Evaluation of Stream Mining Classifiers for Real-Time Clinical Decision Support System: A Case Study of Blood Glucose Prediction in Diabetes Therapy

1Department of Computer and Information Science, University of Macau, Macau, China
2Department of Computer Science, Lakehead University, Thunder Bay, ON, Canada P7B 5E1

Received 27 June 2013; Accepted 3 August 2013

Academic Editor: Tai-hoon Kim

Copyright © 2013 Simon Fong et al. This is an open access article distributed under the Creative Commons Attribution License, which permits unrestricted use, distribution, and reproduction in any medium, provided the original work is properly cited.

Abstract

Earlier on, a conceptual design on the real-time clinical decision support system (rt-CDSS) with data stream mining was proposed and published. The new system is introduced that can analyze medical data streams and can make real-time prediction.

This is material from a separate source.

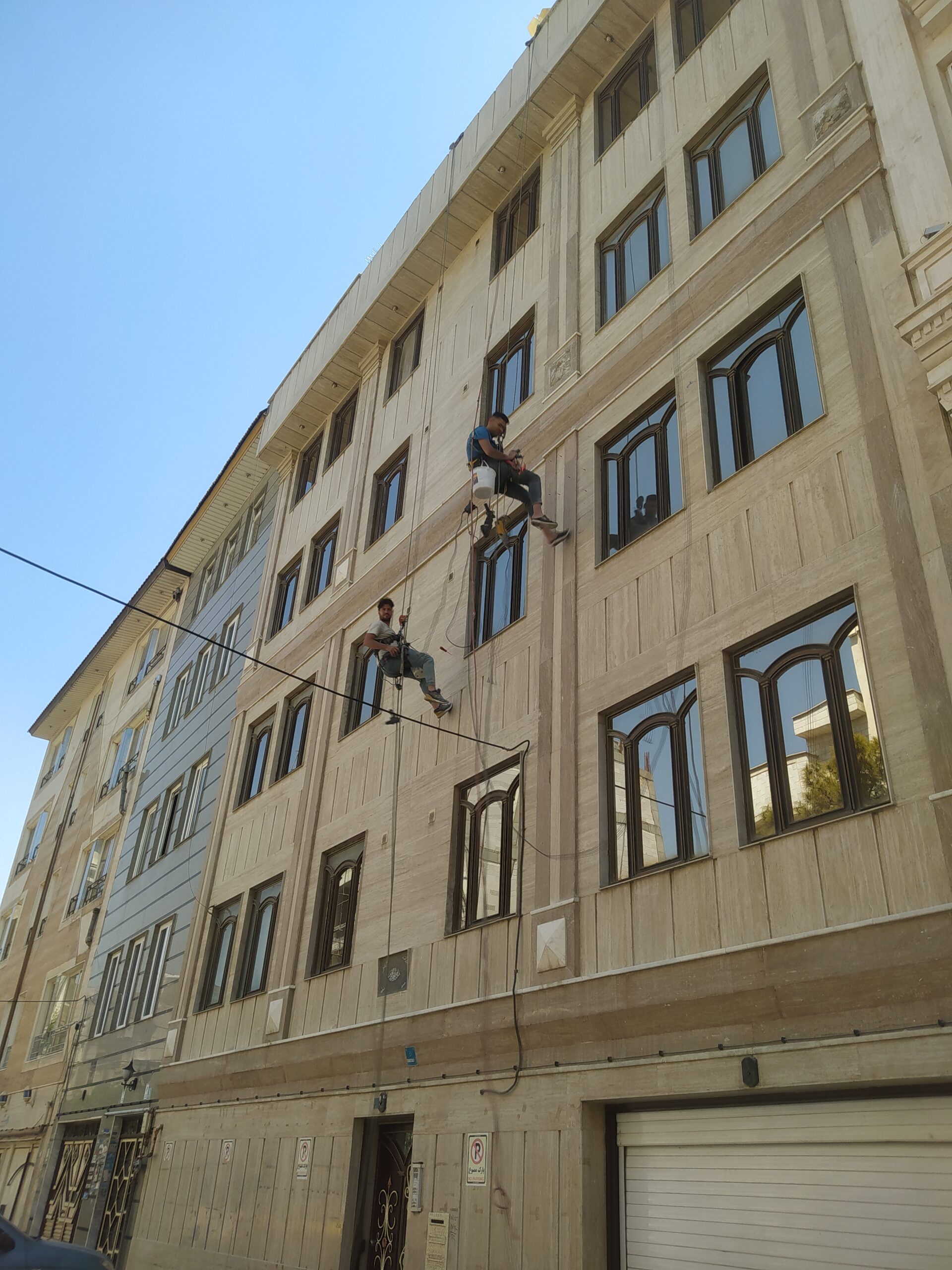 پیچ و رولپلاک نما با طناب بدون نیاز به داربست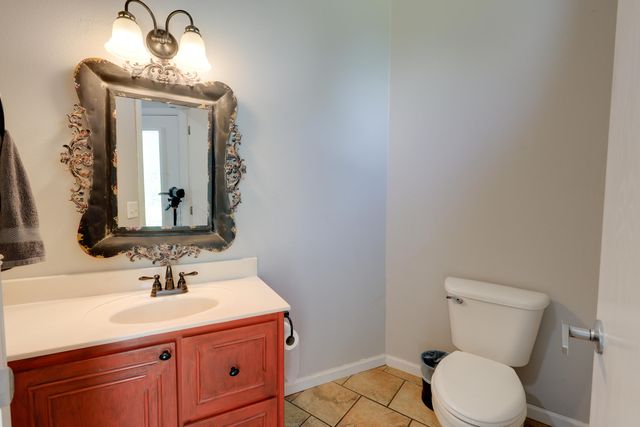 5041 Lake Breeze Road, Grove, OK 74344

This system is based on a stream mining algorithm called VFDT. The VFDT is extended with the capability of using pointers to allow the decision tree to remember the mapping relationship between leaf nodes and the history records. In this paper, which is a sequel to the rt-CDSS design, several popular machine learning algorithms are investigated for their suitability to be a candidate in the implementation of classifier at the rt-CDSS. A classifier essentially needs to accurately map the events inputted to the system into one of the several predefined classes of assessments, such that the rt-CDSS can follow up with the prescribed remedies being recommended to the clinicians. For a real-time system like rt-CDSS, the major technological challenges lie in the capability of the classifier to process, analyze and classify the dynamic input data, quickly and upmost reliably. An experimental comparison is conducted. This paper contributes to the insight of choosing and embedding a stream mining classifier into rt-CDSS with a case study of diabetes therapy.